The Washington Post tells us that in “Fear” -- that’s the provocative title of Bob Woodward’s chronicle of Donald Trump and his White House -- the president privately calls U.S. Attorney General Jeff Sessions a “traitor” and worse.

“This guy is mentally retarded. He’s this dumb Southerner . . . He couldn’t even be a one-person country lawyer down in Alabama,” Trump is quoted as saying. It’s worth noting that the regional disparagement is getting more attention than the “t” word. From the Post:

“I’m a Southerner, people can judge my intellect, my IQ, by my product and what I produce rather than what somebody else says,” Sen. Johnny Isakson (R-Ga.) said in an interview.

“We’re a pretty smart bunch. We lost the Civil War, but I think we’re winning the economic war since then . . . I’m not gonna get into name calling because I don’t think you should be allowed to call names — including the president,” he added.

Even Trump apparently recognizes that much of his base has a drawl. From a Twitter message he sent out before he turned in last night:

The already discredited Woodward book, so many lies and phony sources, has me calling Jeff Sessions “mentally retarded” and “a dumb southerner.” I said NEITHER, never used those terms on anyone, including Jeff, and being a southerner is a GREAT thing. He made this up to divide!

Yes, making things up to divide Americans is a terrible, terrible thing. We can all agree on that.


Our AJC colleague James Salzer has some good news today for a certain subset of older Georgians:

The Department of Community Health may revise plans to more than triple the cost of insurance coverage for some of Georgia’s retired teachers and employees, reversing a move last month that led some to accuse the agency of steering business to Anthem Blue Cross and Blue Shield.

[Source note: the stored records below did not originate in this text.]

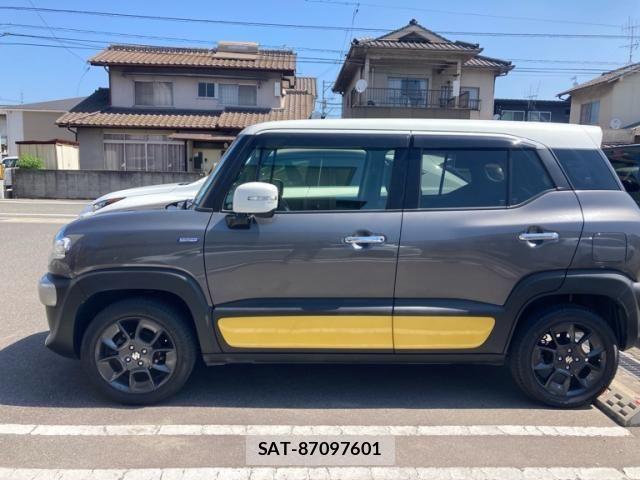 Suzuki X BEE 2019-07 8318255-3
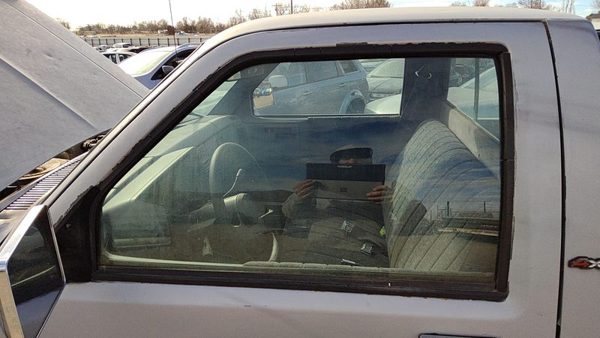 1982-1993 Chevy S10 Pickup Driver Left Front Side Window Door Glass Oem 14020338 — photo 2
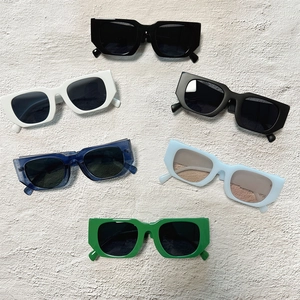 Retro square thick frame sunglasses in various colors with UV400 protective lenses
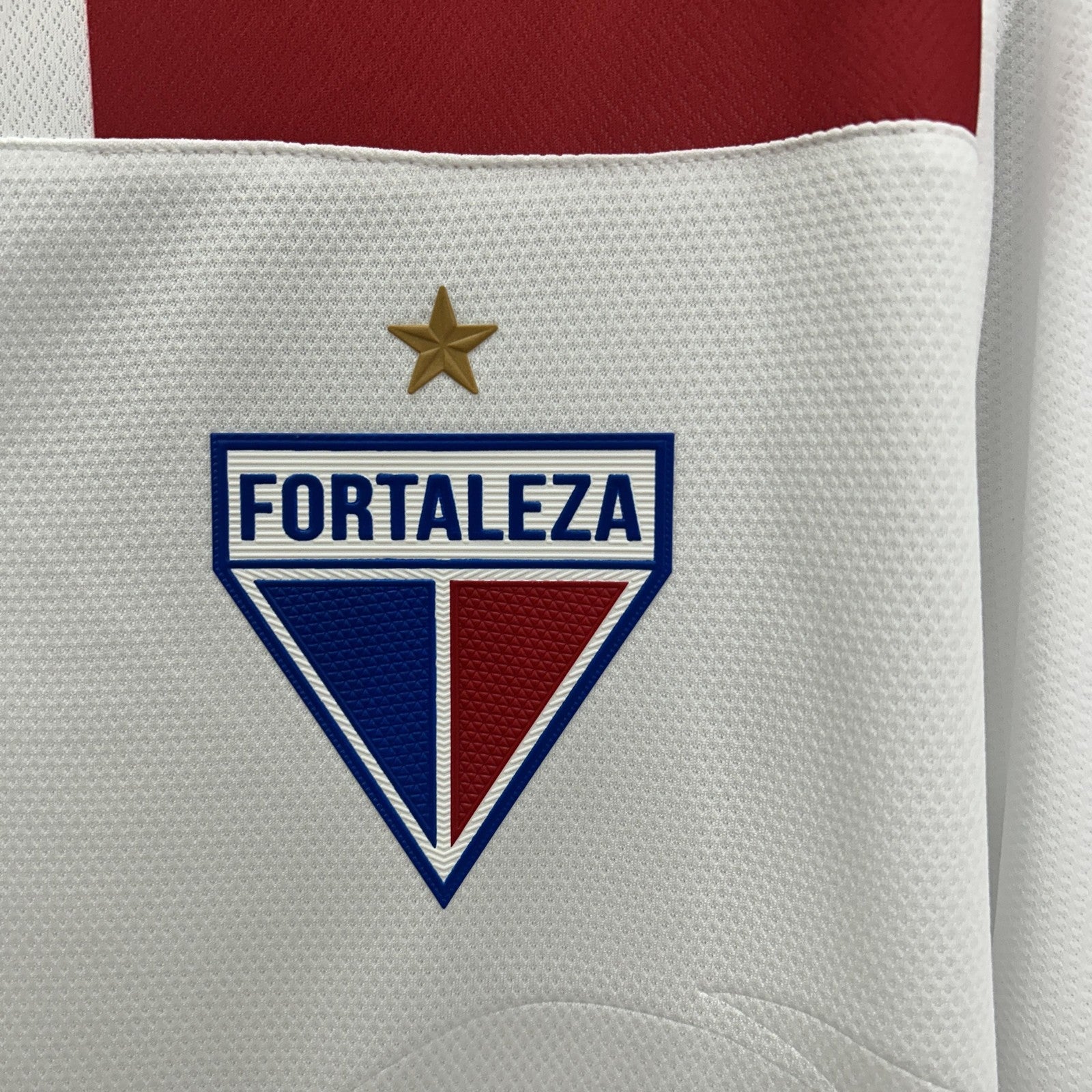 25 26 Fortaleza Away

Remaking Atlanta’s interior is another trending topic today. From our AJC colleague Scott Trubey:

Atlanta Hawks lead owner Tony Ressler said plans to redevelop downtown’s Gulch will transform the city, but the complex project requires not only billions of dollars in private funding, but also a substantial public investment to make it a reality.

Ressler, in his most expansive comments to date about the Gulch, told The Atlanta Journal-Constitution that the Hawks and their development partners, CIM Group, are committed to bringing billions in new investment downtown.

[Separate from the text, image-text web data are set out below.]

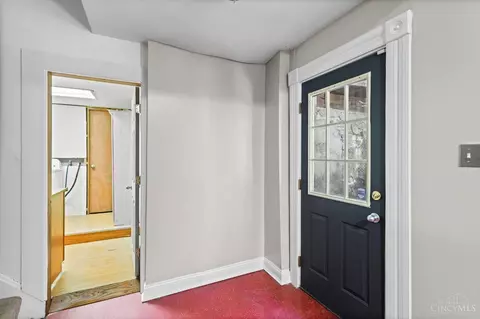 Entry Way - 2224 Victor St, Cincinnati, OH 45219 photo 3 of 5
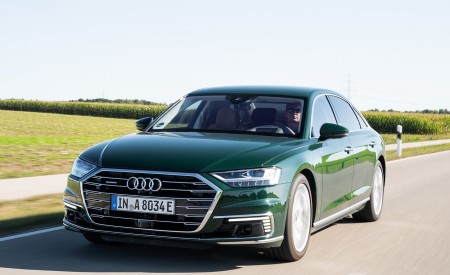 2020 Audi A8 L 60 TFSI e quattro Plug-In Hybrid (Color: Goodwood Green) Front Wallpapers 450x275 (10)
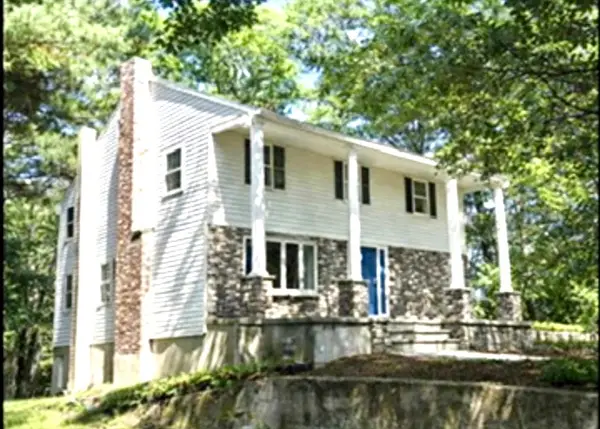 5 Spring Road, Middleton, MA 01949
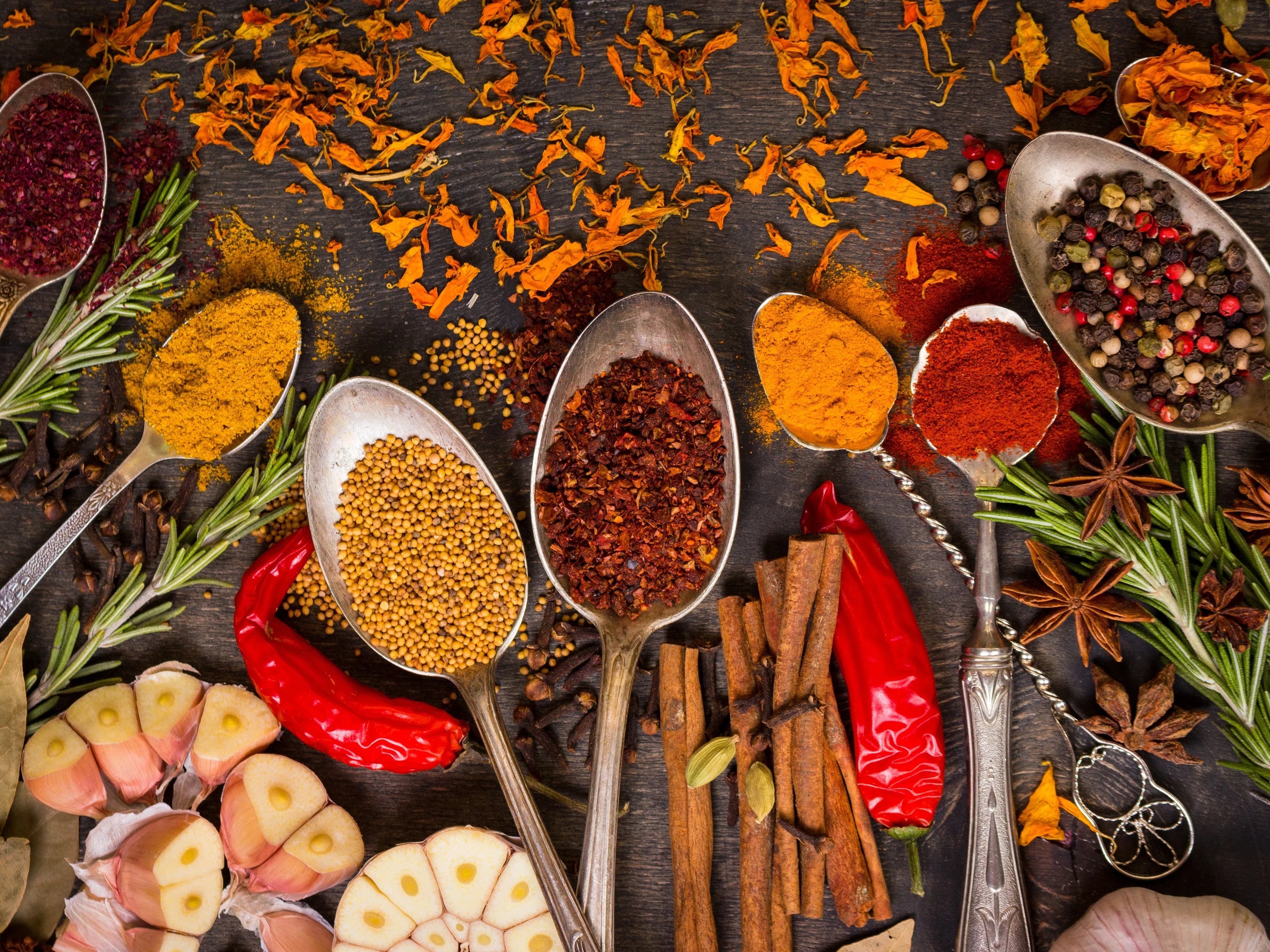 Spice Up Your Brain and Life: Natural Nootropics That Boost Focus & Mood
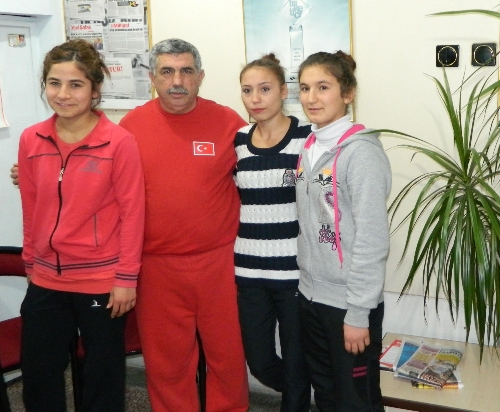 Kozanlı bayan güreşçiler Türkiye şampiyonası için Ankara'ya gitti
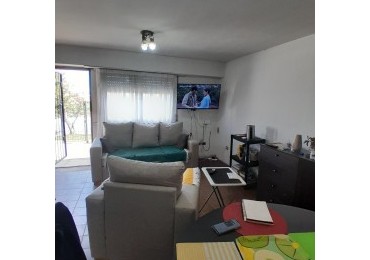 Chalet 3 Ambientes, garaje quincho, patio. Berutti 9400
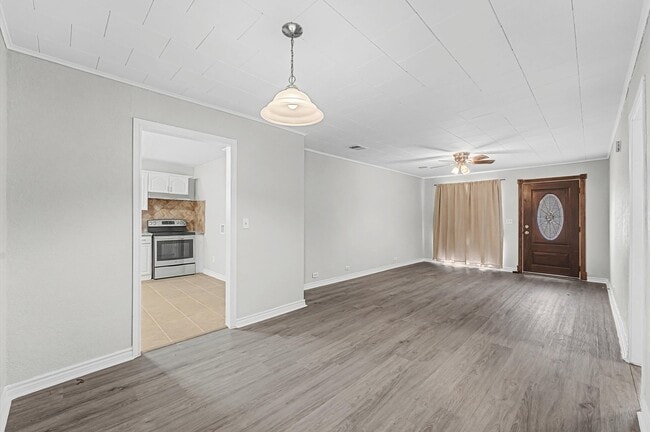 Building Photo - 1108 Georgina St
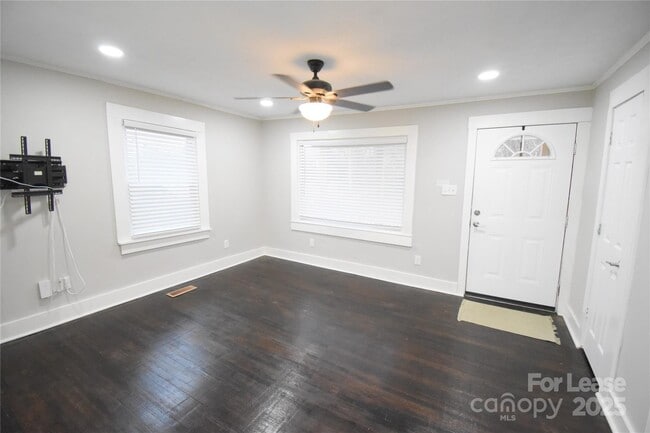 Building Photo - 199 Crowell Dr SW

Meanwhile, the Atlanta Business Chronicle has this:

Chick-fil-A CEO Dan Cathy is working with Georgia Tech on a long-term master plan that would cap the Downtown Connector to create a park that links Midtown with the heart of Tech’s campus, according to multiple sources. Cathy pitched the idea in a meeting last month to Georgia Economic Development Commissioner Pat Wilson and Department of Transportation Commissioner Russell McMurry.

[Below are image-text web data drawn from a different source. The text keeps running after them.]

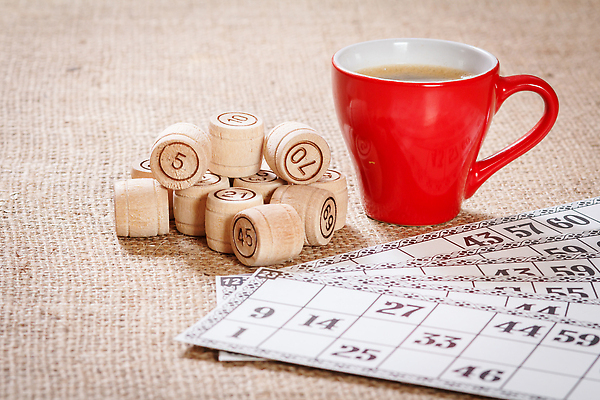 포토 JPG 해외이미지 종이 커피 백그라운드 놀이 탁자 성공 휴식 통 사람없음 목재 컵 숫자 게임 우승 신용카드 행운 재산 도박 계획 책상 기회 열정 관심 복권 옛날 해외202310 해외포토 나무 문자 식기 감정 음료 가구 컨셉 재료 금융 최고 파일형식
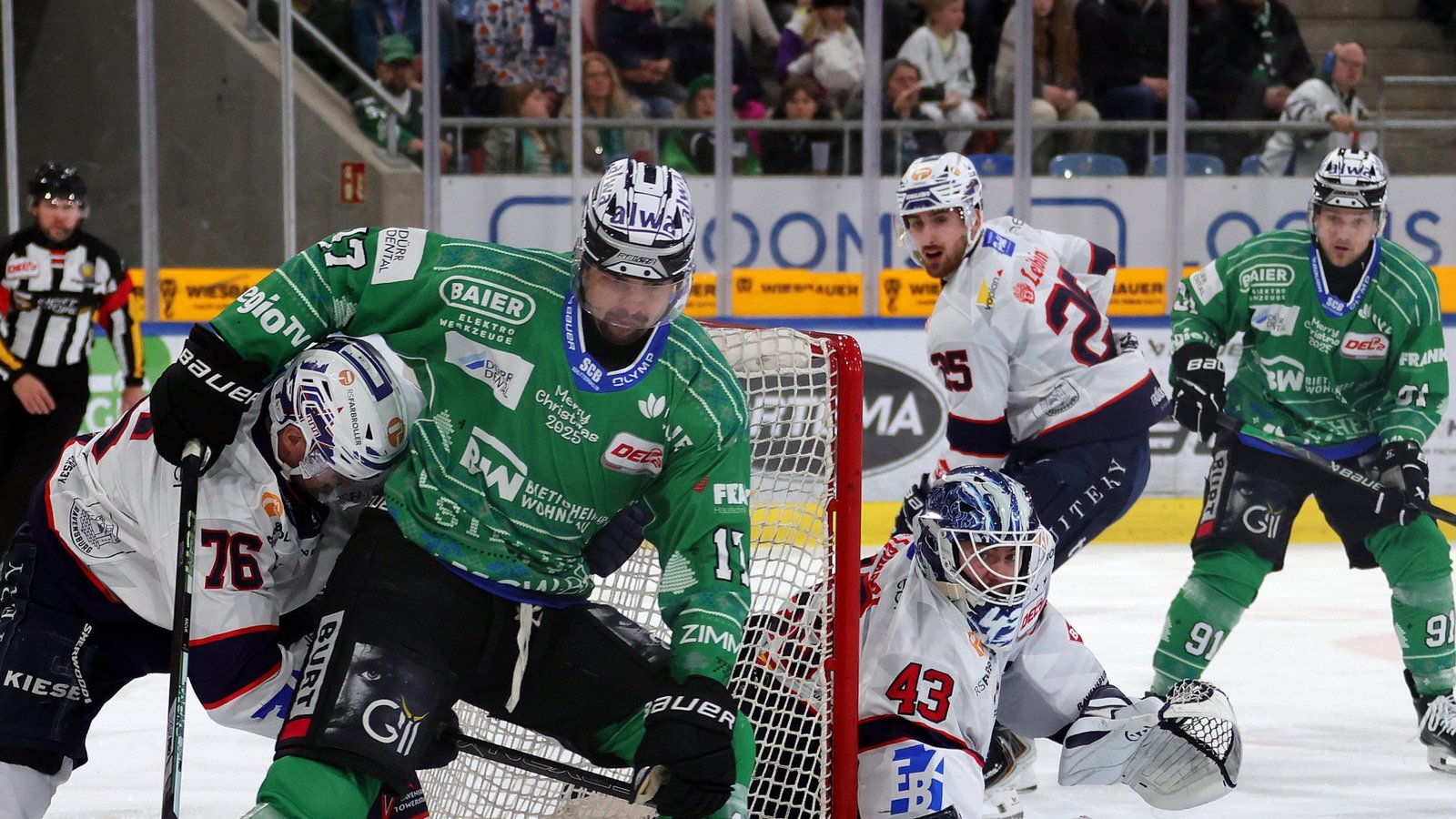 Spiel mit Haken und Ösen: Marek Racuk (Zweiter von links) wird im Heimspiel gegen die Ravensburg Towerstars von Denis Pfaffengut gestört. Foto: Baumann Spiel mit Haken und Ösen: Marek Racuk (Zweiter von links) wird im Heimspiel gegen die Ravensburg Towerstars von Denis Pfaffengut gestört. Foto: Baumann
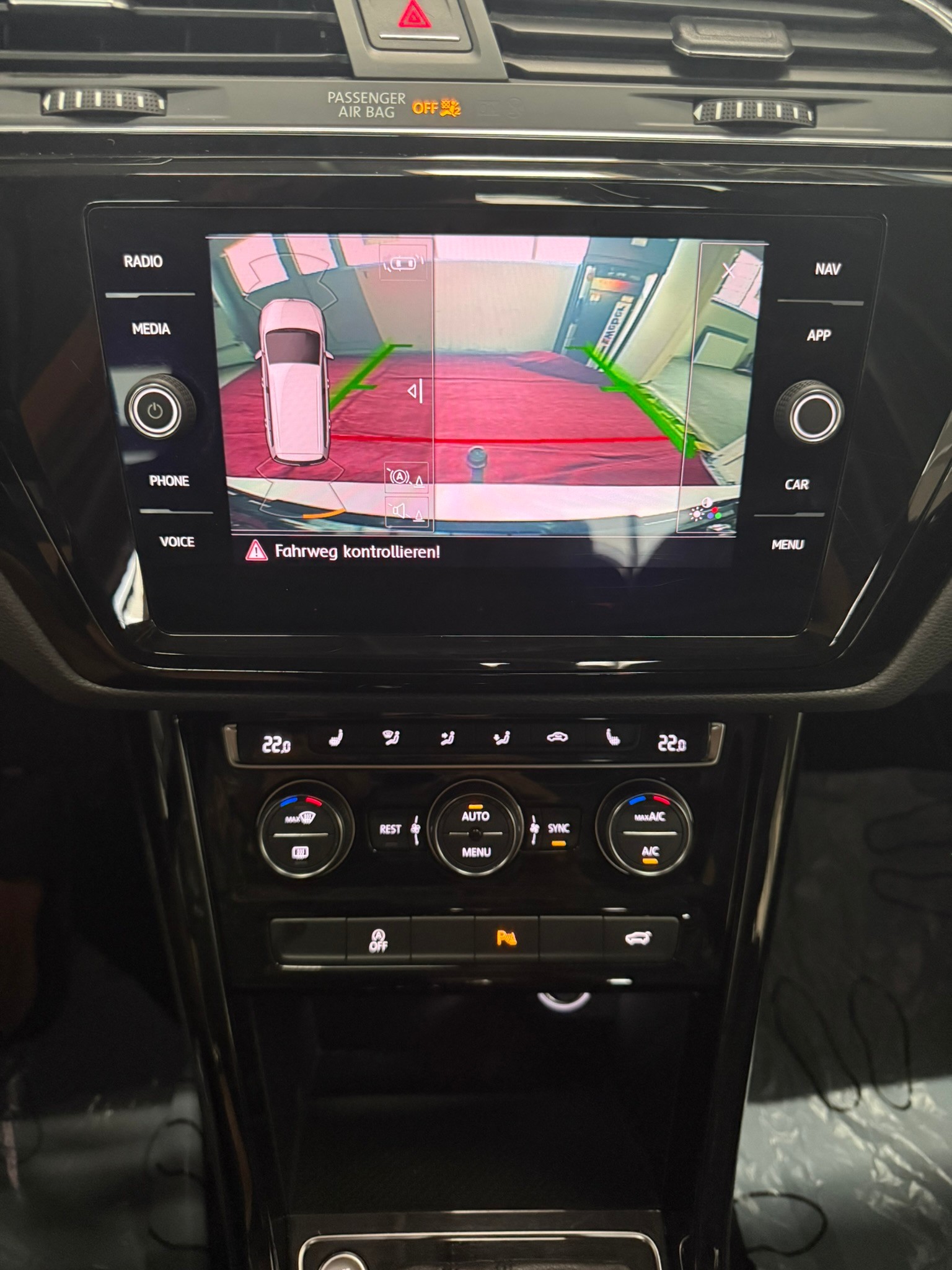 VW Touran 1.5 TSI Highline DSG R-line 7P-image-9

But back to Washington and its ways: Chris Wray appears to be in Trump’s crosshairs once again. The FBI director and longtime Atlanta resident was apparently on the president’s mind over the holiday weekend, according to sources quoted by NBC News:

Trump has criticized Wray as another figure in the Justice Department who is not protecting his interests — and is possibly out to undermine his presidency, these people said.

Trump is "in the worst mood of his presidency and calling friends and allies to vent about his selection of (Attorney General Jeff) Sessions and Wray," said one person familiar with the president’s thinking. This person said the president was particularly focused on both men over the Labor Day weekend.

This isn’t the first time Wray has attracted the ire of the president, but the King & Spalding alum has taken great pains to stay under the radar during his first year helming the FBI.

Speaking of law enforcement: The White House is playing host today to a half-dozen law enforcement officers from Butts and Jasper counties. U.S. Sen. David Perdue’s office sends word that officers from Jackson, Shady Dale and Monticello, Ga., will be among those meeting with senior White House staff and President Trump today to discuss public safety.